**What you are asked to do**
Transcribe all the lines below exactly. Omit the pictures.

=== Exercise inputs ===

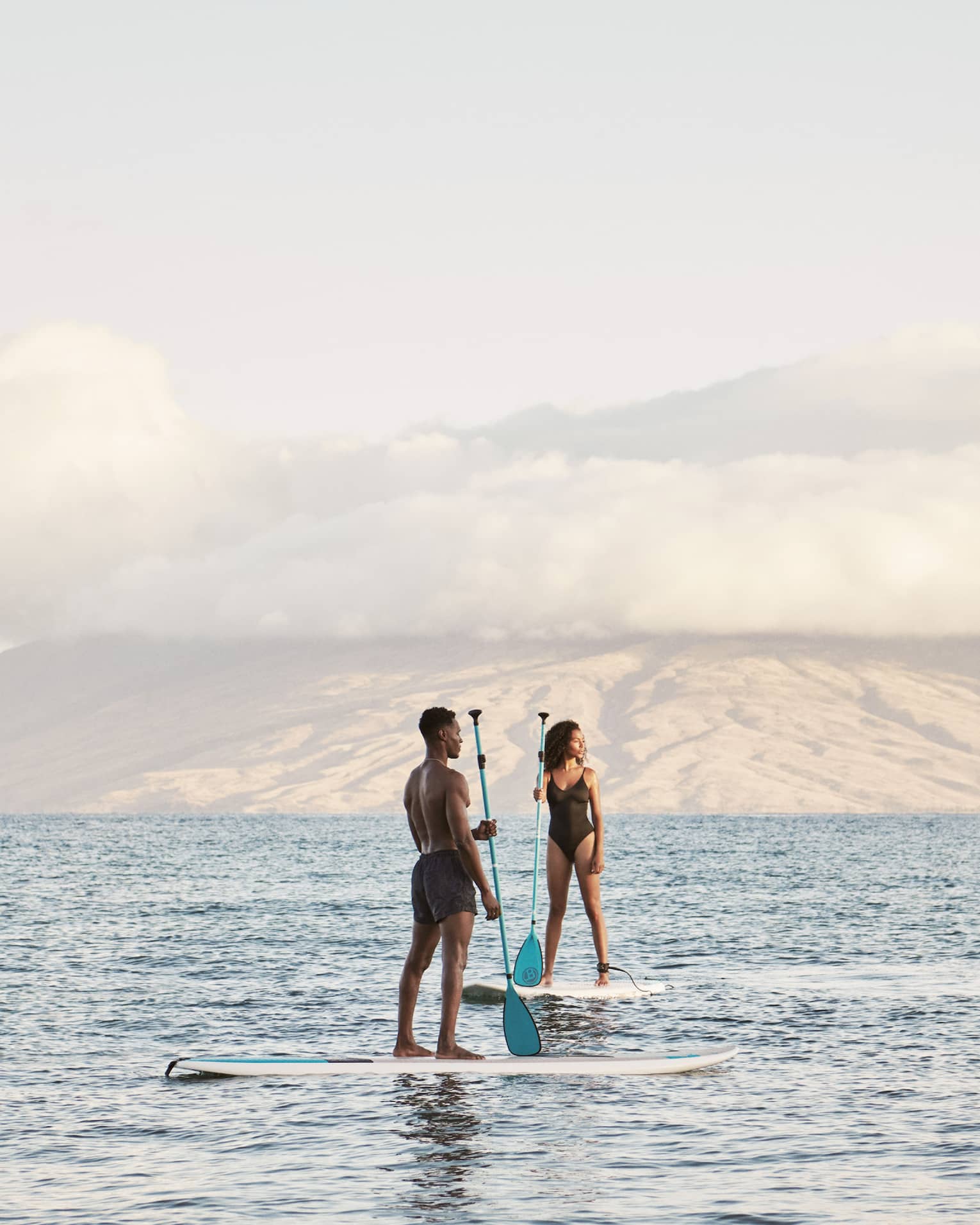 Man and woman stand on SUP paddleboards in the ocean in Maui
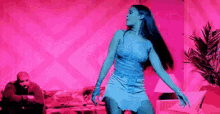a woman in a blue dress is dancing in a living room with a man sitting on a couch .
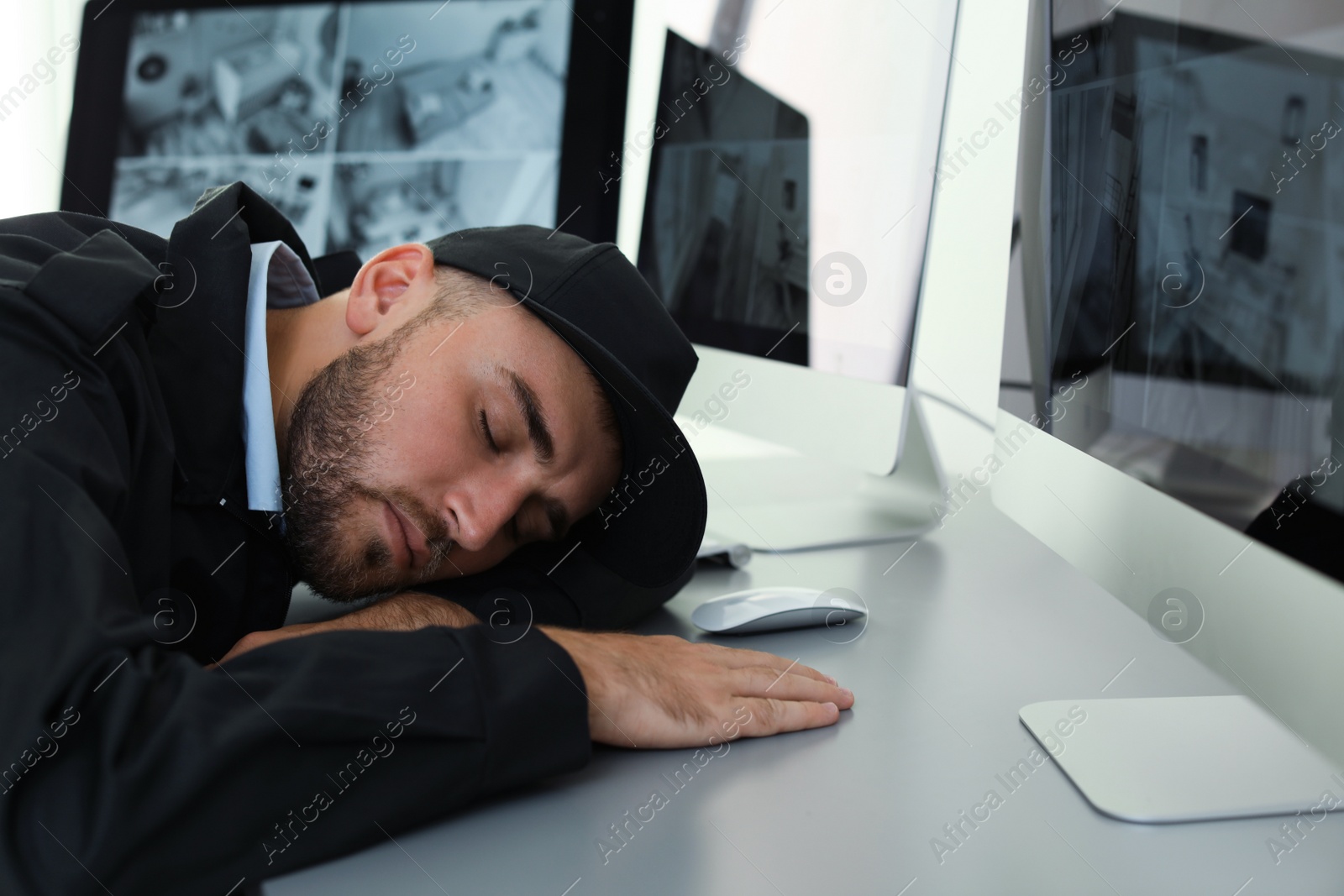 Photo of Male security guard sleeping at workplace indoors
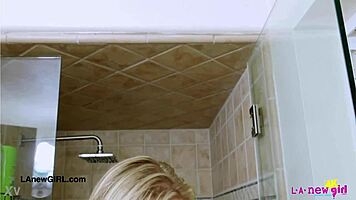 Radiant Blonde Enjoys Refreshing Shower Moment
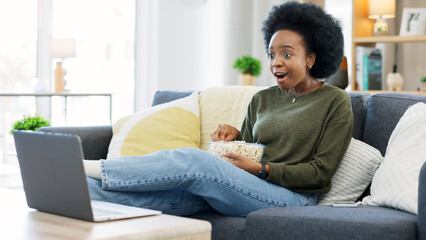 Canvas Print - Happy african american woman streaming online movies on a laptop while snacking on popcorn and relaxing on a sofa at home. Black female enjoying a comedy, eating, laughing and having fun on a weekend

===

**Result**
 Man and woman stand on SUP paddleboards in the ocean in Maui
a woman in a blue dress is dancing in a living room with a man sitting on a couch .
 Photo of Male security guard sleeping at workplace indoors
 Radiant Blonde Enjoys Refreshing Shower Moment
 Canvas Print - Happy african american woman streaming online movies on a laptop while snacking on popcorn and relaxing on a sofa at home. Black female enjoying a comedy, eating, laughing and having fun on a weekend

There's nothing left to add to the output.